In his blog post, What is Your Educational DNA? Chris Lehman writes:

It’s a phrase I use a lot when I talk about SLA, “It’s in my DNA.” The ideas that form the backbone of SLA are the ideas that hold most dear about what I believe school can be. Much of the work I have done over the years has been developing a language for what I believed, refining the beliefs and figuring out how to make those beliefs easy to put into practice for teacher and students.

I attended five elementary schools (Rosecrest, Mae Ellis, Fallbrook, La Paloma, and Live Oak), one grade in a junior high (James E. Potter), and the different high schools (one giant school, Fallbrook; one low SES school San Juan; and one affluent school, Joel E. Ferris). I had very different experiences in these different schools and that taught me a lot.
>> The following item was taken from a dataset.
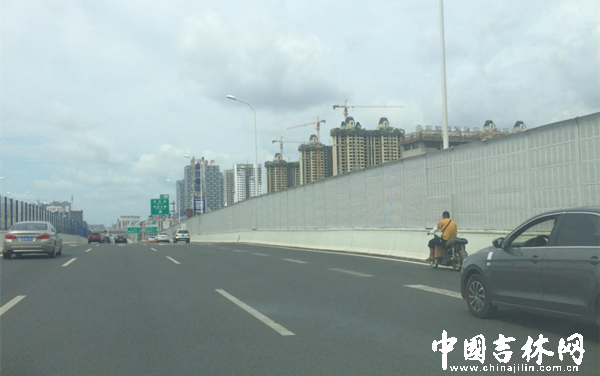 电瓶车骑上快速路 电瓶车骑上快速路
One of the most frustrating parts for me was "learning" things that I had learned at my previous school. It really bothered me to see that I had to re-read our relearn things that I already knew how to do. My previous learning experiences were not valued and recognized. It made it very easy for me to feel like school didn't matter much.

I was very comfortable being the class clown, as well, which meant that I was often in trouble. Many times the teachers just wanted me out of their class. There was one teacher, Mr. Hughes, who understood the attention I was seeking, and gave me the attention in a positive way.

Guess which class I never goofed off in? His.

One teacher decided that because I had a behavior problem, I must not be "smart". She made it her personal mission to get me kicked out of all advanced and honors classes. So, I had to go to the "dumb kids" classes. Because that happened in 10th grade, I was never able to take any more Honors classes or AP classes. My high school classes very easy, but also very boring. I didn't have to try hard, and never had homework, because the expectations were so low.

Those experiences encouraged me to go into education. My strong desire to serve others solidified that choice for me. My job is to serve my teachers and students, to make them the best they can be.